Junior ISAs are also now available which enable parents and grandparents to save up to £3,720 a year tax-efficiently for their children or grandchildren who were ineligible for child trust funds.
Enterprise Investment Schemes (EIS) can have significant advantages such as 30% income tax relief, capital gains tax exemption, a capital gains shelter and potential relief from inheritance tax after 2 years.
Venture Capital Trusts (VCTs) also offer 30% income tax relief and exemption from both income tax on dividends and capital gains tax.
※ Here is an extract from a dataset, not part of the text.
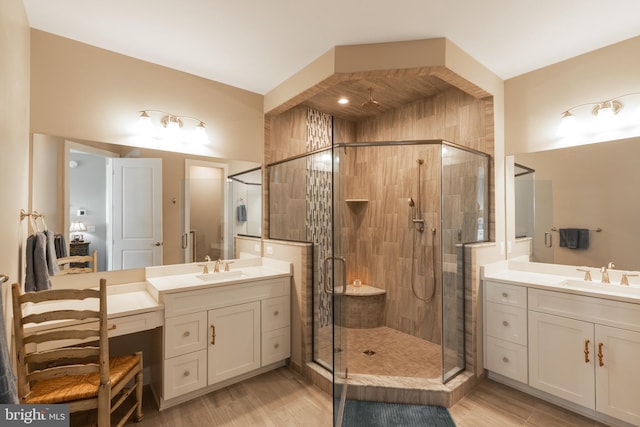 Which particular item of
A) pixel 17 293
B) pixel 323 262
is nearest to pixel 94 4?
pixel 17 293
Make full use of Capital Gains Tax (CGT) reliefs and exemptions
Individuals have a CGT-free allowance of £10,900 in the current tax year. If you have not realised gains of this amount, you should look at whether assets can be sold before 6 April 2014 to take advantage of this tax-free amount. If you are married or in a registered civil partnership and want to realise a gain on shares to use up the exemption, but want to keep the benefit of those shares in your family, your spouse or registered civil partner can buy back a similar number of shares to those sold –although a direct sale or gift to your spouse or registered civil partner will not achieve the desired result. If your relationship is not formalised by marriage or registered civil partnership, a gift to your partner will achieve the same result without the need to incur dealing costs.
Reduce CGT charges from 28% to 18% or 10%
If you own assets on which you qualify for Entrepreneurs’ Relief (ER) you can claim to pay a reduced rate of 10%. This relief is subject to certain criteria being met for at least a year and there is a lifetime limit of £10 million, so it is extremely important to ensure your assets qualify for this relief where possible.
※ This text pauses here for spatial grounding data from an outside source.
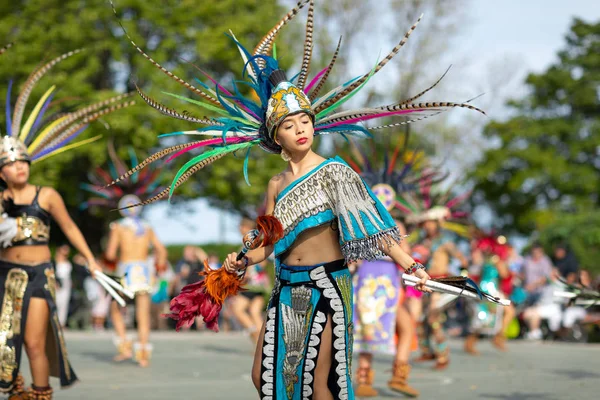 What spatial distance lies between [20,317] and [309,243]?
10.1 ft

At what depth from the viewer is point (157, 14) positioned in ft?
98.4

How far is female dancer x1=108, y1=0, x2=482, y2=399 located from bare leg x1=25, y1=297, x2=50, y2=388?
7.73 ft

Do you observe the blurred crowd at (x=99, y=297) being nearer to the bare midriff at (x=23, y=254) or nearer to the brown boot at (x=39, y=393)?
the bare midriff at (x=23, y=254)

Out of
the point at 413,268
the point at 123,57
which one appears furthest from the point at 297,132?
the point at 123,57

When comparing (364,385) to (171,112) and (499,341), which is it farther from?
(499,341)

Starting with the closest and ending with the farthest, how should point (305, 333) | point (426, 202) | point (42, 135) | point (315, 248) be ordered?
1. point (305, 333)
2. point (315, 248)
3. point (42, 135)
4. point (426, 202)

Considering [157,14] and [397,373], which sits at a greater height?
[157,14]

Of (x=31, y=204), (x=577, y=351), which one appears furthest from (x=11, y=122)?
(x=577, y=351)

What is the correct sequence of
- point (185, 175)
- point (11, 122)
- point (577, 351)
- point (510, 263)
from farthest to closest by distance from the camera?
point (510, 263) → point (577, 351) → point (11, 122) → point (185, 175)

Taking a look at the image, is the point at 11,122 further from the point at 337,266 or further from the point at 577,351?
the point at 577,351

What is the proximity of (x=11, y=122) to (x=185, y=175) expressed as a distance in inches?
125

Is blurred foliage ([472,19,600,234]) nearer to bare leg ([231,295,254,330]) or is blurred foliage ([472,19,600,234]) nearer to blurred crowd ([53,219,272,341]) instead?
blurred crowd ([53,219,272,341])

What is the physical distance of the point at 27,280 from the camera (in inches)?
309

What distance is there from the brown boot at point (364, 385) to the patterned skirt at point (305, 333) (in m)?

Use CGT losses to the full
If you already have taxable gains, review your other assets to see if you can crystallise losses to reduce the gains on which you pay tax. If you do this, take care only to realise enough losses to reduce your gains to below the level of the annual exemption. If you have made losses that you don’t need to set off against this year’s gains, you should still claim them.
Ensure wills are up to date
You should ensure that your will is up to date and reflects your wishes. The will should be written in a way that both minimises tax and gives your family flexibility and protection in the future, for instance, by using tax-efficient trusts. Trusts may enable your heirs to make more tax-efficient plans than if assets were put into their hands absolutely, as well as helping to protect assets.
Make full use of allowances and reliefs
Inheritance Tax (IHT) allowances and exemptions to be aware of include:
£3,000 annual allowance and any unused allowance from last year
£250 per individual donee
gifts in connection with marriage
lifetime gifts that are ‘normal expenditure out of income’
Take advantage of IHT-efficient investment structures
There are numerous types of structure that offer the ability to reduce your estate for IHT purposes whilst still retaining the benefit of income or underlying capital. The amounts can be adapted to your personal needs and wishes and, for some of these investments, a portion of the amount transferred reduces the value of your estate immediately.
The Financial Conduct Authority does not regulate taxation & trust advice or will writing.